Saturday, September 27, 2014

"On A Return to the Scene"


It had been three weeks since I mowed.  After encountering the wasps' nest on the bank of blackberries and ivy, I had postponed the mowing job as I was uncertain what kind of nearby activity might set them off.  That was a good decision, because when I showed my client where the nest was located so it could be dealt with, several unruly wasps chased us into the house.  Did you know that in addition to stinging they also bite?

A professional had been called in to dispose of the nest, and the owner notified me she had checked several times, and there was no sign of the threatening flying menaces.  As I unloaded the mower from the truck the thought passed through that I was returning to the scene of the crime.  While no crime had been committed, I was returning to a scene, one which evoked unpleasant memories and brought with it accompanying fear.
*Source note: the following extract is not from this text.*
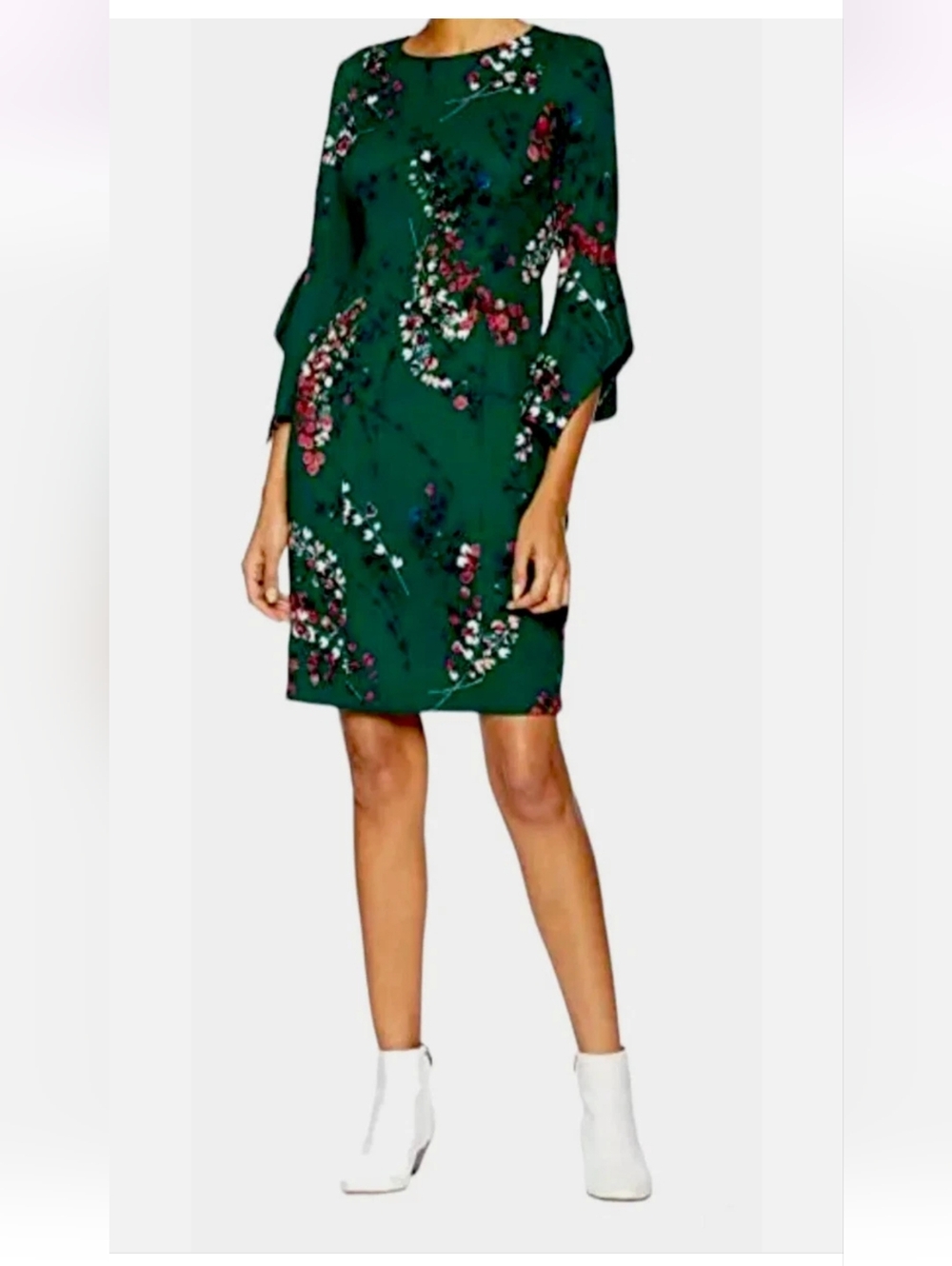 Taylor Green Floral Shift Dress - Long Sleeve Cocktail Dress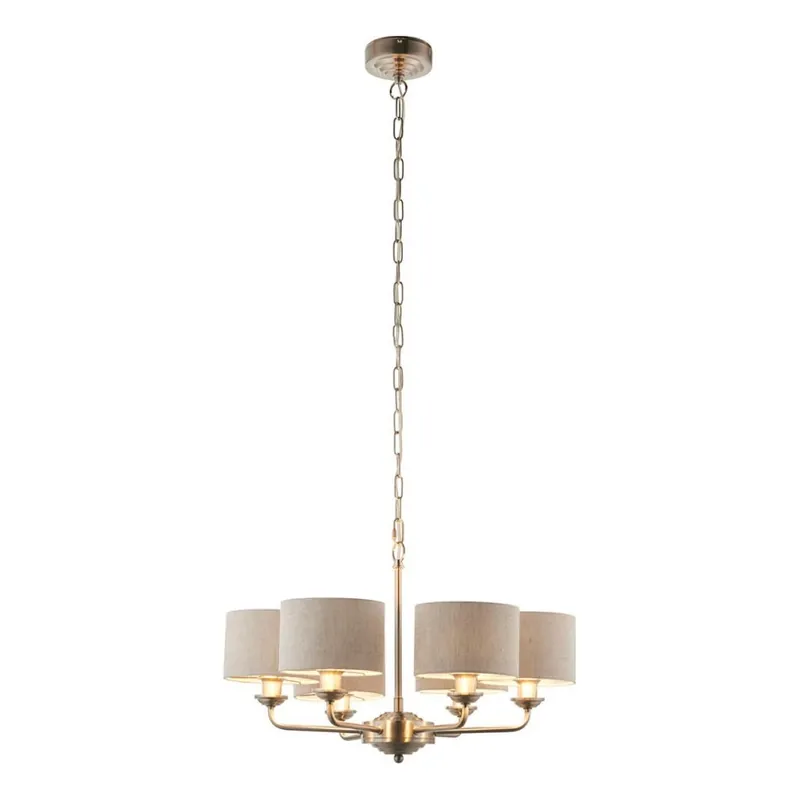 Sleva Endon 99151 - Lustr na řetězu HIGHCLERE 6xE14/28W/230V šedá/matný chrom pr. 53 cm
Even today, another two weeks later, I found myself checking out of the corner of my eye as I mowed past the place where the nest had been located.  I've seen several wasps flying around the past few days. The cooler weather seems to have dampened their nasty dispositions some, so they aren't as threatening.   And yet the memory of digging into a wasps' nest in the ground two years ago with my garden tool and the ensuing attack lingers.  I still have not tackled those blackberries up on the bank.

I found myself thinking about how experiences from our past, some of them from decades ago, have a way of sneaking into the present, influencing not only the way we think, but how we live, often holding us mentally and emotionally hostage.

The mind is a tricky beast.  In fact, I'd put it right up there on an equivalency with the tongue when it comes to the degree of difficulty in exercising control over.  An enormous amount of money is spent on seminars, books, and videos in an attempt to better regulate thoughts and subsequent reactions and responses to those thoughts.  Oh, that it were that easy to simply train one's mind.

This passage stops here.